The fact that the sanctions, and bombings, are being directed against a country deemed "rogue" by the United States, when sanctions and condemnations against ally Israel for much worse transgressions against international law and neighboring countries have been ignored over and over again, is deepening a rage within the Arab world. This seething bitterness is likely to create dangerous, terrorizing consequences for generations. After all, it is obvious to most who is on the bombable side of the double standard, even if the United States chooses to be blind to this reality. The fact that the U.S. and other western nations have been largely responsible for arming virtually all the Middle Eastern nations is simply glossed over. The discriminatory application of sanctions, disarmament, and bombings only against Iraq in a region where Israel is, in fact, known by much of the rest of the world to be the most violent, "rogue" nation, is foolish because it ignores context and principles of fairness.
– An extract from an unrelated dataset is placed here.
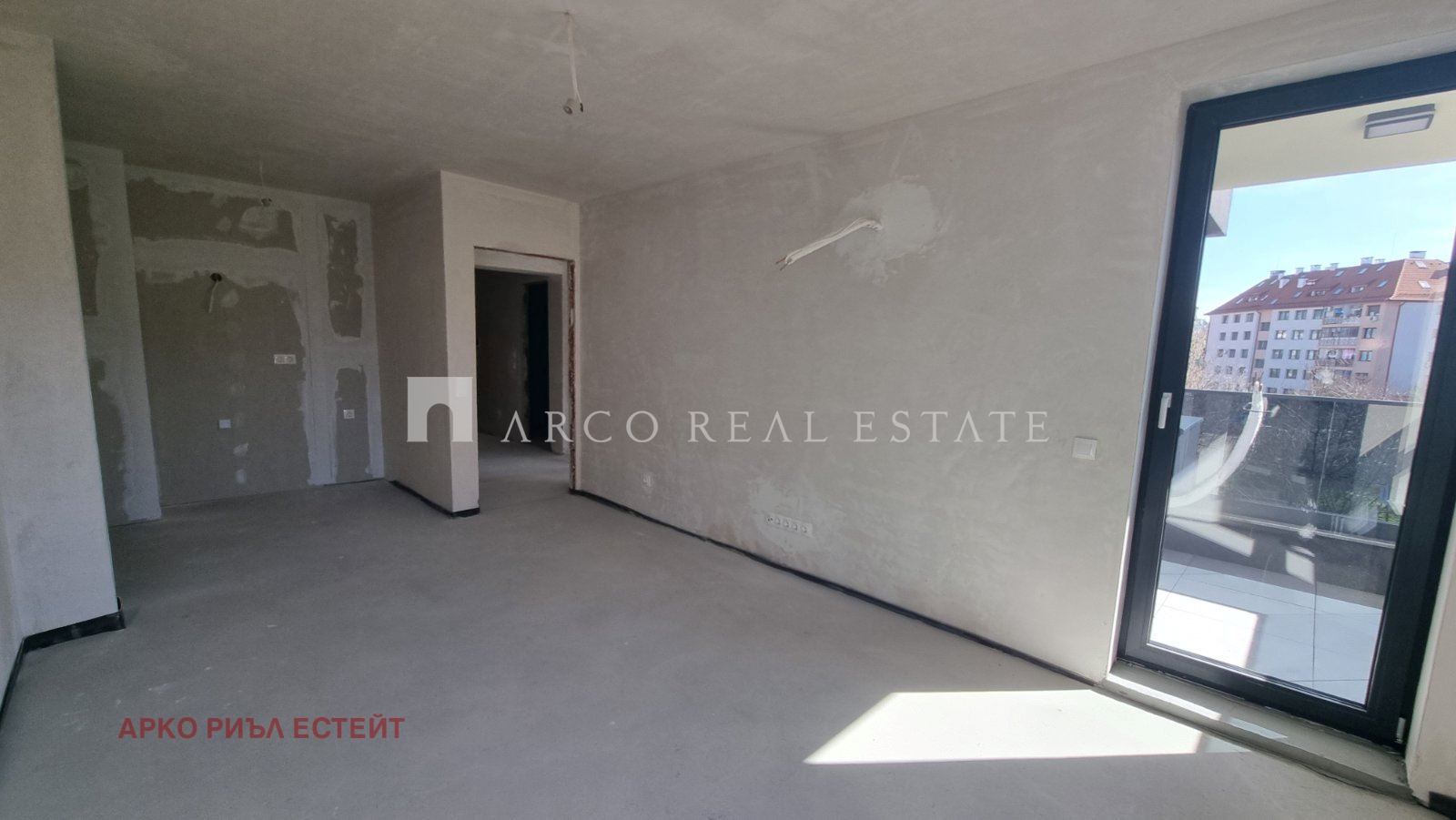 Продава 3-СТАЕН, гр. София, Слатина, снимка 3 - Апартаменти - 54053989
Only the United States and Britain, along with Israel, seem unable to comprehend the dangers of such blatantly uneven justice.

These criminal, lawless acts committed by the United States are extremely dangerous, not just to their immediate victims, but because they are committed with such absolute, total impunity from any accountability, domestically and/or internationally. There is no existing democratic force/process that is willing, or able, to enforce the laws and impose sanctions against the outlaw nation, the United States of America. U.S. policies are continually made unilaterally, according to grotesque, self-serving double standards. They use bully forces totally out of control and increasingly threatening to the hearts, minds, and bodies of the majority of the world’s peoples. The entire world is extraordinarily endangered because of this behavior and the arrogance behind it. As the U.S. government insists on committing unilaterally initiated acts of wholesale terrorism, the people of the U.S. become ever more vulnerable to the likelihood of increased acts of retail terrorism by the desperate, enraged voices of the voiceless.

It would indeed be extraordinarily courageous if the elected U.S. Congressional representatives chose to uphold their Constitutional oath of office by vigorously challenging authentic impeachable offenses of Presidential acts of war directed against sovereign nations. Instead, for example, Congress in 1998-99 focused on impeaching President Clinton for lying about consensual sex, and perhaps about other prurient activities. Acts of war require Constitutional deliberation by Congress. If the Congress concludes that the President has unilaterally conducted war, then impeachment is, conceivably, mandated. If the Congress had deliberatively concluded in advance the political risks of, and genuine defensive needs for a declaration of war as the Constitution requires by law then, of course, the President would serve as the Constitutional commander-in-chief of the armed forces in carrying out the Congressional declaration. Genuine and conscientious adherence to this process could go a long way toward ending the historic pattern of dangerous U.S. imperialism as initiated by virtually every 20th Century president. U.S. aggressive hegemony has greatly contributed to an increasingly unjust and unstable world.

If we are to survive the next millenium with dignity (or at all) in a world already comprised of 210 nations and 6 billion people, the U.S. must learn to abide by an ecological politics of justice for all species, for all peoples.